Ecco il testo. Leggetelo con attenzione, perché lo merita. Nei prossimi giorni, la pubblicazione delle fotografie che corredano il volume.
In mezzo alla landa deserta prossima a Manfredonia s’erge, bianca di sole, cinta di silenzio e di mistero, Santa Maria di Siponto, edificio mirabile, ricco di particolari pregevolissimi. Costruito nel IX secolo sopra un più antico tempio che tuttora esiste a guisa di cripta, disegna un dado sormontato al centro da una piccola cupola, seguendo esattamente il piano del tempio sottostante; il quale piano non ha altri riscontri nelle chiese d’Occidente, costituito com’è da tre quadrati inscritti l’un nell’altro e distinti da colonne di granito nella cripta, di marmo nella chiesa alta a sostegno di svelti archi centini. Nella facciata principale s’apre un portale riccamente scolpito,fiancheggiato da due colonne poggianti sul dorso di due leoni e sostenenti, alla lor volta, due animali che addentano la preda e che sorreggono l’archivolto finemente decorato, sporgente a guisa di visiera: ai lati del portale sei semicolonne risaltate sostengono quattro archi a ghiere leggermente lunate, con incorniciatura a palmette simili a quelle intagliate nello squarcio dell’ingresso; tra le colonne due grandi formelle romboidali in alto, quattro più piccole in basso restano inquadrate in cornici incassate, scolpite a disegni geometrici e floreali, motivo che si ripete nei quattro archi ciechi che fiancheggiano il piccolo abside, nell’ultimo dei quali si apre una finestra di ricca sagoma: l’abside è a sua volta decorato da tre archi su pilastri intagliati a scacchiera che in origine doveva essere evidentemente decorata con paste vitree e quadratini di marmi colorati. Devastato e deturpato dalle bande di Guglielmo il Malo nel 1156, dai terremoti del 1223 e del 1255, da inconsulti restauri e da volgari aggiunte, tale monumento resta ciò non pertanto uno dei più notevoli saggi della caratteristica architettura pugliese anteriore alla conquista normanna, che tanta somiglianza ha con le chiese pisane da far pensare – nota il Petrucci — a rapporti diretti tra la Toscana e la Puglia, forse commerciali tra Pisa e Siponto, e che, meglio sviluppata, si riscontra nella chiesa di Santa Maria Maggiore a Montesantangelo, e nella cattedrale di Troia.
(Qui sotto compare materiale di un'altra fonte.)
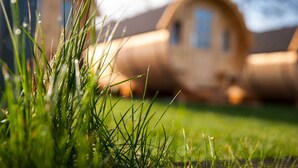 A close-up of green grass with a blurred background featuring a building with a rounded window. - Harmony beim Holzschnitzer (Dreis-Brück)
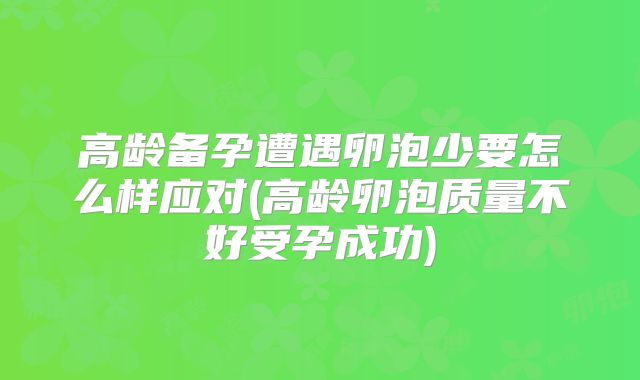 高龄备孕遭遇卵泡少要怎么样应对(高龄卵泡质量不好受孕成功)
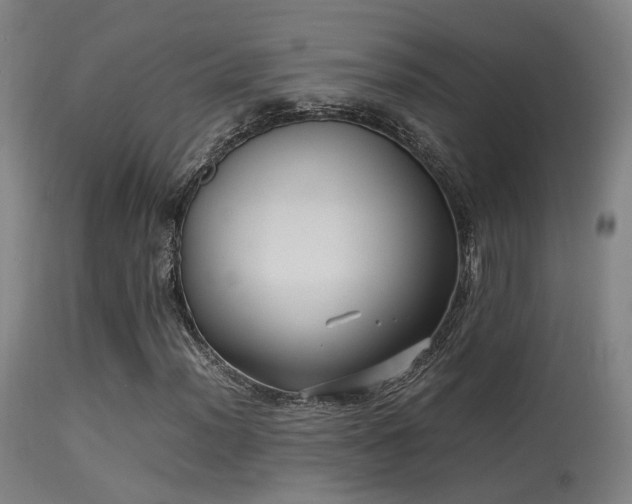 X0000113291012200909211059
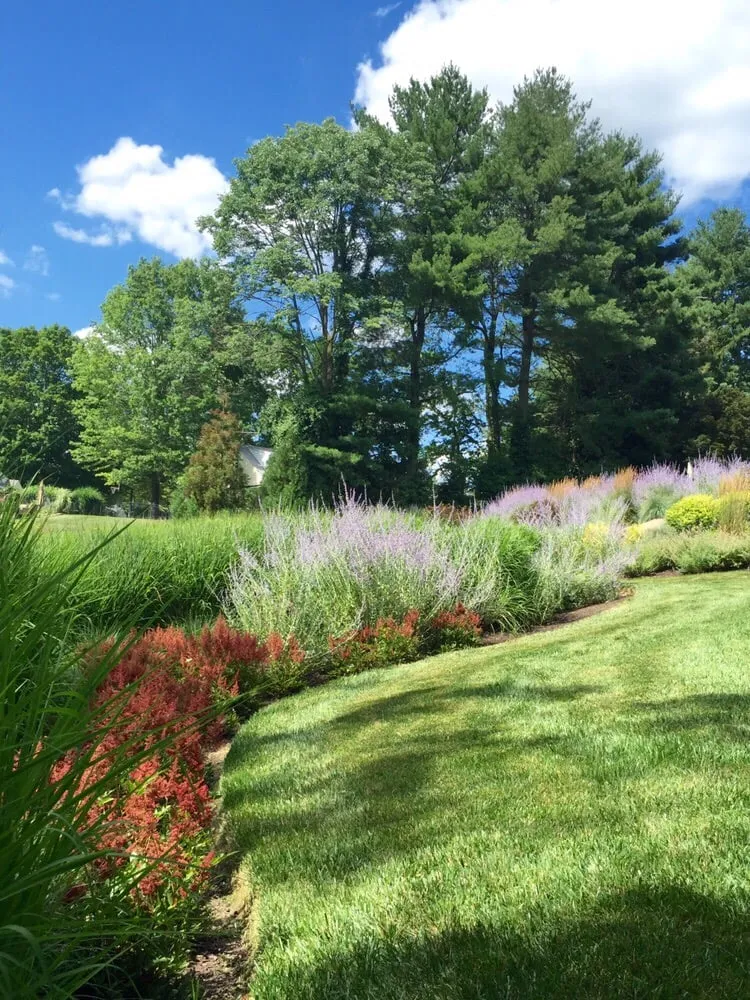 Local yard maintenance in Conshohocken, PA by Terren Landscapes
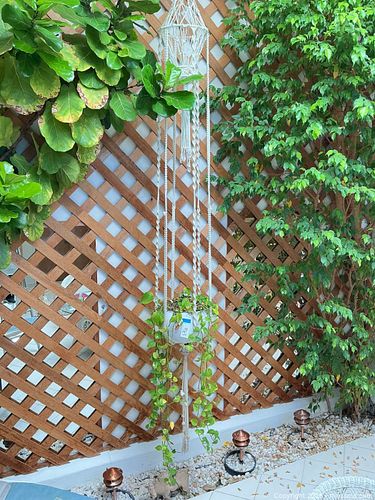 Hanging Pothos Plant in Ceramic Pot with Macramé Hanger (1 of 5)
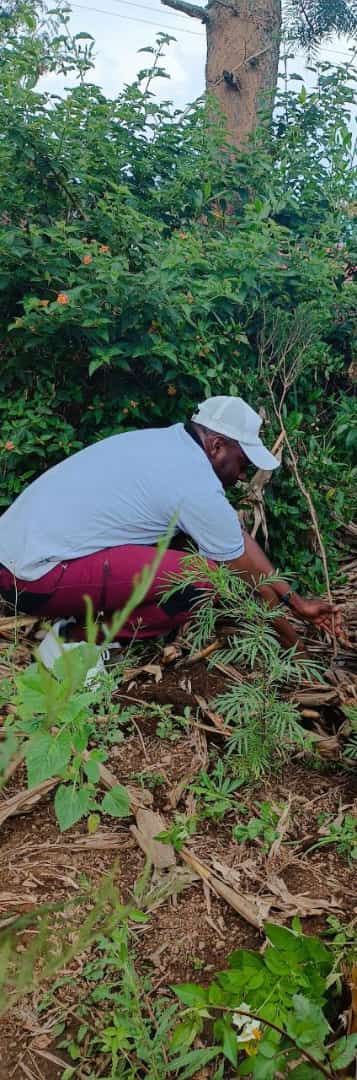 Planting trees should be a civic duty sasa🌴🌴
#NationalTreeGrowingDay 
#TreePlantingDay
<a href="/TheGreenPulseKe/">The Green Pulse🇰🇪</a>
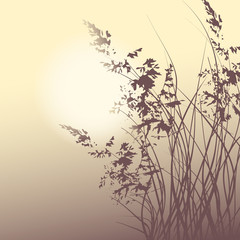 sunrise over the meadow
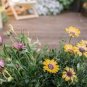 New Rare Hierloom Trailing African Daisy 100 Seeds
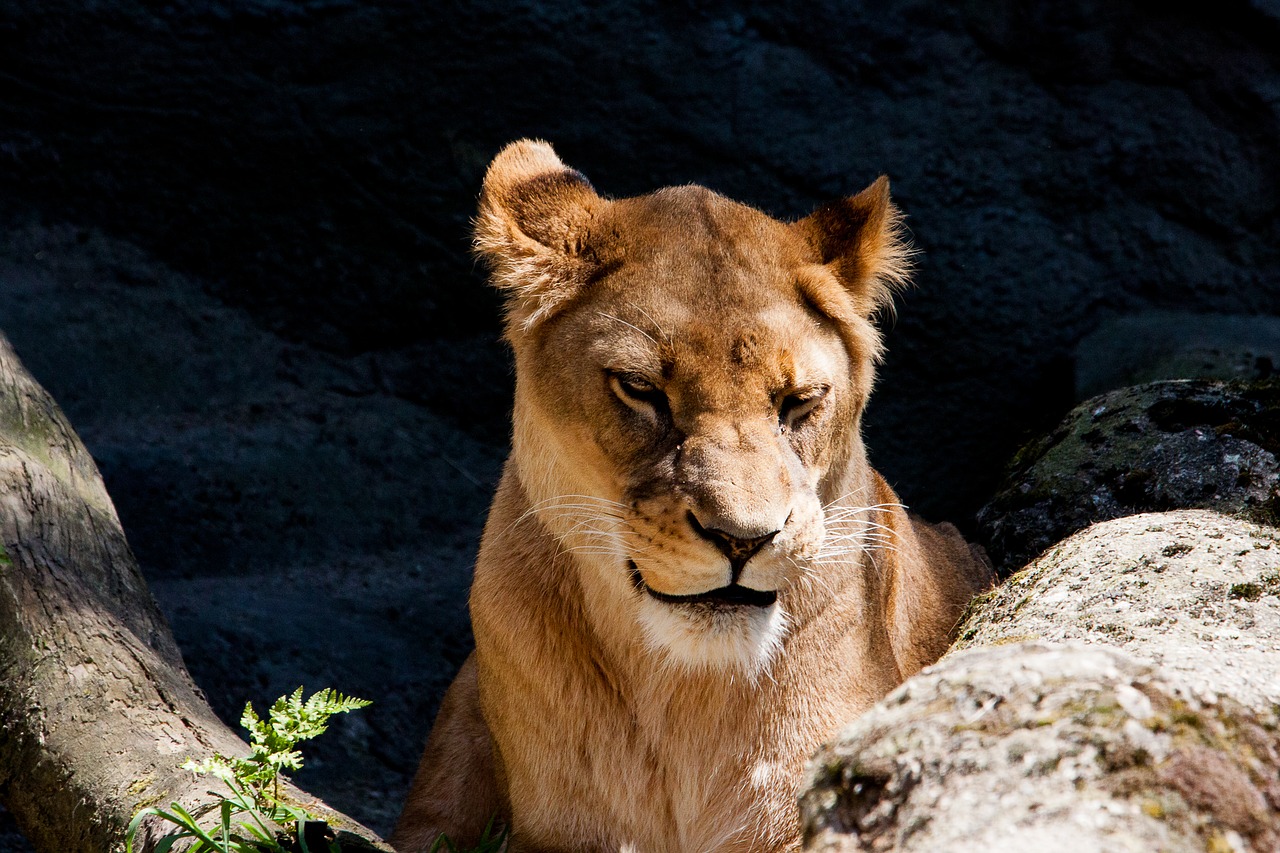 lion  lioness  female free photo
Questa, per la decorazione esterna, massime nella facciata veramente sorprendente, ci offre il più perfetto tipo dello stile proprio della regione. Analoghe formelle, a losanga o ad esagono o circolari, appaiano anche qui nei sott’archi della serie di arcature riportate ed elegantemente decorate, che gira tutt’intorno sormontata, lungo i fianchi della parte superiore della navata centrale e di sopra al tetto a spiovente di quelle laterali, da un secondo piano d’arcature simili, in cui s’aprono finestre di due in due. Le modanature, le cornici, i capitelli dei pilastri sono superbamente scolpiti a figure d’animali fusi con decorazioni floreali o a figure umane dai corpi terminanti in cartocci di foglie, motivi che già annunziano: la Rinascenza, in quest’epoca più rimarchevole dell‘arte decorativa di Puglia che in quella di qualsiasi altra regione d’Italia.
Sopra le arcature inferiori una cornice a forte rilievo,sorretta da modiglioni, continuando quella che sostiene i pioventi delle tettoie laterali, divide la facciata in due parti sovrapposte, di cui quella in basso ha nel centro una magnifica porta tutta decorata di sculture, e quella in alto, sull’asse della porta. sotto un grande arco a pieno centro con l’archivolto interamente scolpito, un meraviglioso rosone formato da colonne romane disposte a raggiera. sorreggenti archi a semicerchio. che s’intersecano formando, così, delle ogive.
Iniziato dal Vescovo Gerardo nel 1093, questo monumento nobilissimo fu quasi tutto costruito per ordine del vescovo normanno Guglielmo Bigot, che ne pagò le fabbriche in parte con le sue entrate personali, in parte con elargizioni del duca Guglielmo di Puglia. Sulla fine dello stesso secolo fu eretta la cattedrale di Foggia, di cui non resta che la metà inferiore della facciata, frammento nel secolo XVIII con molto buon gusto fuso nelle costruzioni moderne; mentre assai malamente veniva sfigurata la cripta, che però ha intatte le colonne, di cui quattro assai interessanti per la somiglianza dei loro capitelli con quelli dell’ambone di Ravello presso Amalfi, tanto da non poter dubitare essere gli uni e gli altri dello stesso artefice, forse del maestro Nicola foggiano.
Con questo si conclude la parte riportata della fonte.